The nine-woman, three-man jury on Wednesday found Joseph Anthony Mitchell not guilty of first-degree murder in the Sept. 22, 2010, strangulation death of 4-year-old Blake and of two counts of attempted first-degree murder in attacks on his older children that same night.

Mitchell, 50, never claimed that he didn't kill Blake, only that he didn't consciously do it. A defense expert said the combination of financial stress the Mitchell was under and a lack of sleep over several weeks led to a case of "non-REM parasomnia," a sleep disorder where Mitchell could perform random acts unconsciously and could become violent if triggered by a loud noise.

Jury forewoman Gwen Vareene-Pierce said she and other jurors were drained after hearing 15 days of emotional testimony and then face the task of setting a child-killer free.

"You have to understand what we were faced with. The judge told us we had to say (guilty of) first-degree (or) second-degree (murder) or not guilty," Vareene-Pierce said, noting there was no evidence Mitchell planned the attacks.

"We didn’t want him to walk out of jail free. We did not want that, but we had to follow the law," she said.

Durham County District Attorney Roger Echols said Thursday that the facts of the case wouldn't support a manslaughter conviction because Blake's death wasn't in the heat or passion or due to any negligence. Irving Joyner, a law professor at North Carolina Central University, echoed that, writing in an email to WRAL News that Mitchell's sleepwalking defense, also called automatism, "relieves the person of any criminal culpability."

"If the jury concluded that malice did not exist, they were correct in rejecting the murder conviction, which has to be established by the jury beyond a reasonable doubt," Joyner wrote. "Automatism is a complete defense to causing the death of another."

For Vareene-Pierce, however, upholding the law came at a price.

"We were all in shambles," she said of the jury. "We were crying. We were shaking. We were praying. We were upset."

"Everybody in that room, even the men, were saying, 'We need help. We need someone to talk to right now,'" she continued.

She said jurors should be provided with counseling, especially for murder trials or deliberating other violent crimes.

"It really depends on your background. What bothers me may not bother you," she said. "I feel like the court system has an obligation to offer that before they send folks out the door and say, 'Go home.'"

The state wouldn't have to pay for the counseling, she said, only provide some direction for jurors who need something "to get them back to where they were when they walked in the door."

North Carolina offered a juror grief counseling program in 2012 and 2013, but it was eliminated due to "lack of demand from jurors," according to Sharon Gladwell, a spokeswoman for the state Administrative Office of the Courts.

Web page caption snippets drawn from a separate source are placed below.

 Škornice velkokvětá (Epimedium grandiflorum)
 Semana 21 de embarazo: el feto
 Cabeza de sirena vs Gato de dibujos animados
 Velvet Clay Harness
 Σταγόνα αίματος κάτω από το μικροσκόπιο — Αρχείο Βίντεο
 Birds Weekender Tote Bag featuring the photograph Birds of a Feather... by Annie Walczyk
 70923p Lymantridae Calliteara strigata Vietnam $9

Only one to two jurors per year used the counseling services, which cost the state roughly $13,000 a year, she said.

"With health insurance providers now covering such counseling services, canceling the program to save state funds seemed to be the right decision to make when faced with budget cuts," Gladwell said in an email to WRAL News.

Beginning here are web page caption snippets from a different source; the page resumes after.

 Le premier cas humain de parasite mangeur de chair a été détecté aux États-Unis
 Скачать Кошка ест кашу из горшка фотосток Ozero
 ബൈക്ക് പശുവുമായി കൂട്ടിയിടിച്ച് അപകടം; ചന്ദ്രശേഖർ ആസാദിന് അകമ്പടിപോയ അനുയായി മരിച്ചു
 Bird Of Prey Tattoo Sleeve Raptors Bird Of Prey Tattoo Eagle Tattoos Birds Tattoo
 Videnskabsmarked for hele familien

Vareene-Pierce, who has a background in social work, said counseling ought to extend to people dismissed from jury service before a trial because the jury selection process often forces them to confront troubling issues from their past in front of a courtroom filled with strangers.

"In my realm of work, I know that talking to folks about the past hurts and harms," she said, noting that she had to discuss the death of her child and a man in the jury pool had to discuss his wife's rape.

"I understand the need for that, but the same as I can understand their reason for that, they should understand folks need to be able to put closure (on it)," she said. "If you’re going to open it up for me, help me close it up before you send me out the door."

Even though the state program has ended, Durham County officials urged jurors who need some support after a trial to contact the court administrator's office, and staffers there will do what they can to help.